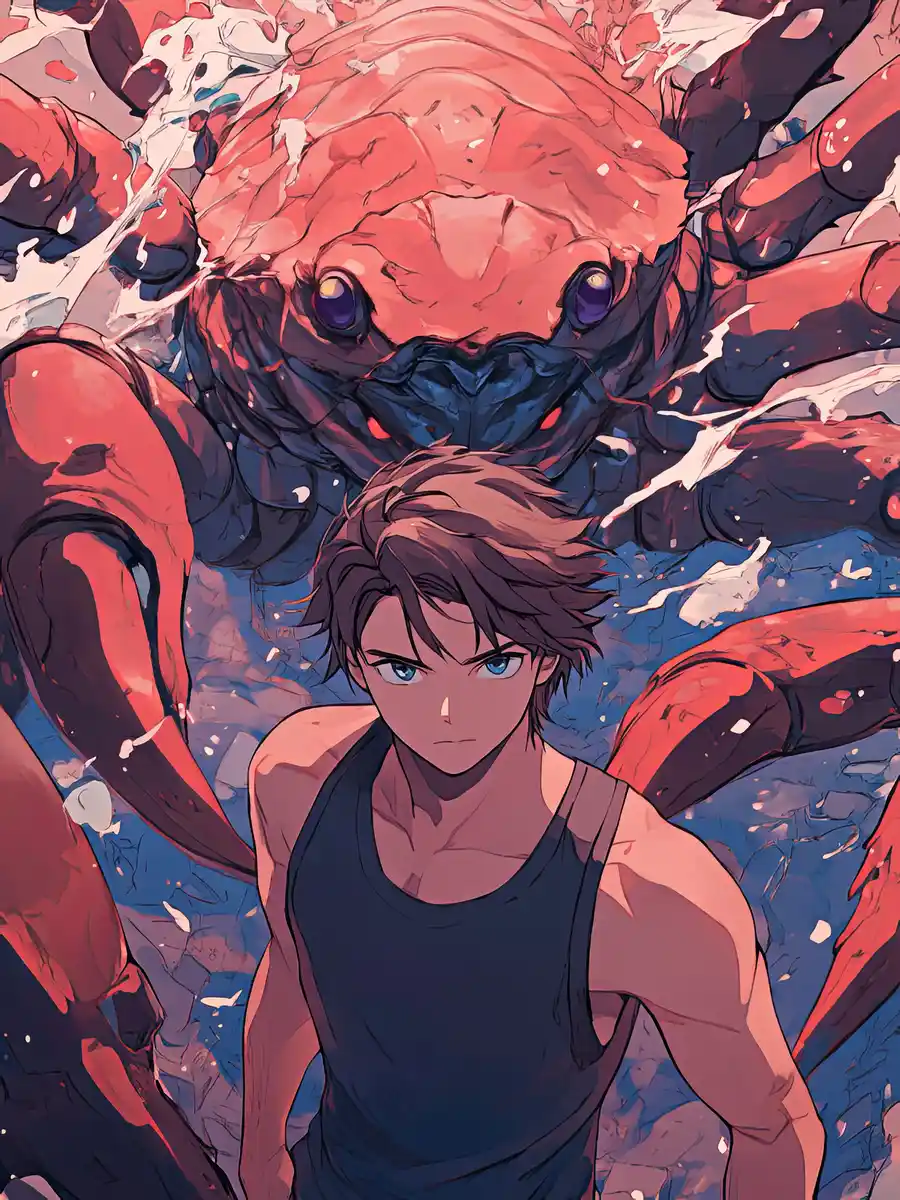 Read Apocalypse Reset: My Crab Can Heal the World! Light Novel Online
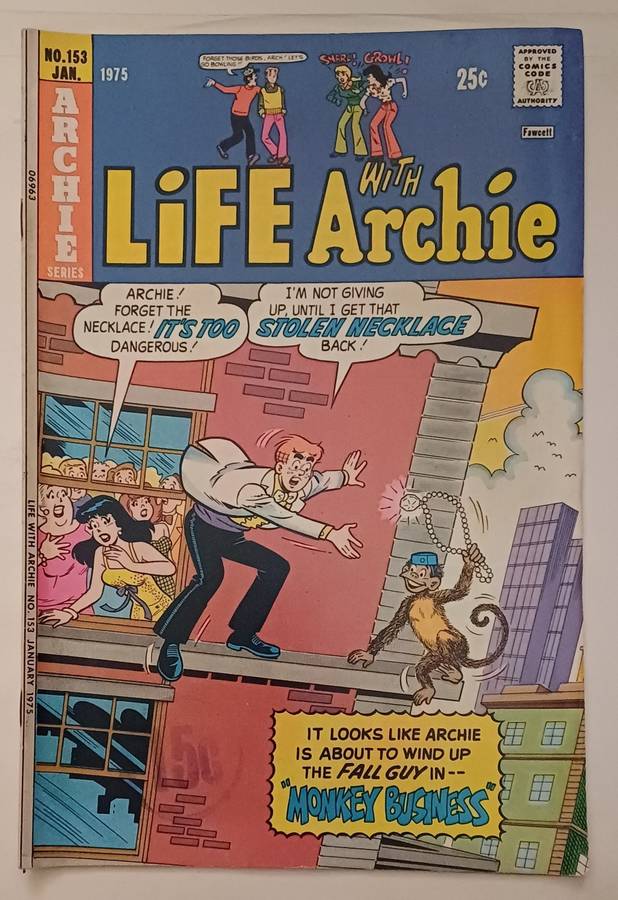ARCHIE - LITTLE ARCHIE NO 153
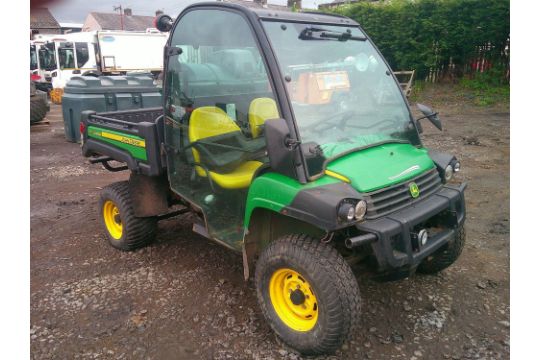 2016 66 REG JOHN DEERE XUV855 TRACTOR (NO STEERING)…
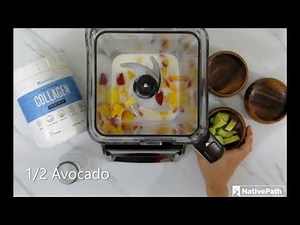 Tropical Anti-Inflammatory Collagen Smoothie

◆ ASSIGNED TASK ◆
Leave the pictures out and retype only the lines from the line with "ARCHIE - LITTLE ARCHIE NO 153" through the final line of the material, both ends included, word for word.

◆ RESPONSE ◆
ARCHIE - LITTLE ARCHIE NO 153
 2016 66 REG JOHN DEERE XUV855 TRACTOR (NO STEERING)…
 Tropical Anti-Inflammatory Collagen Smoothie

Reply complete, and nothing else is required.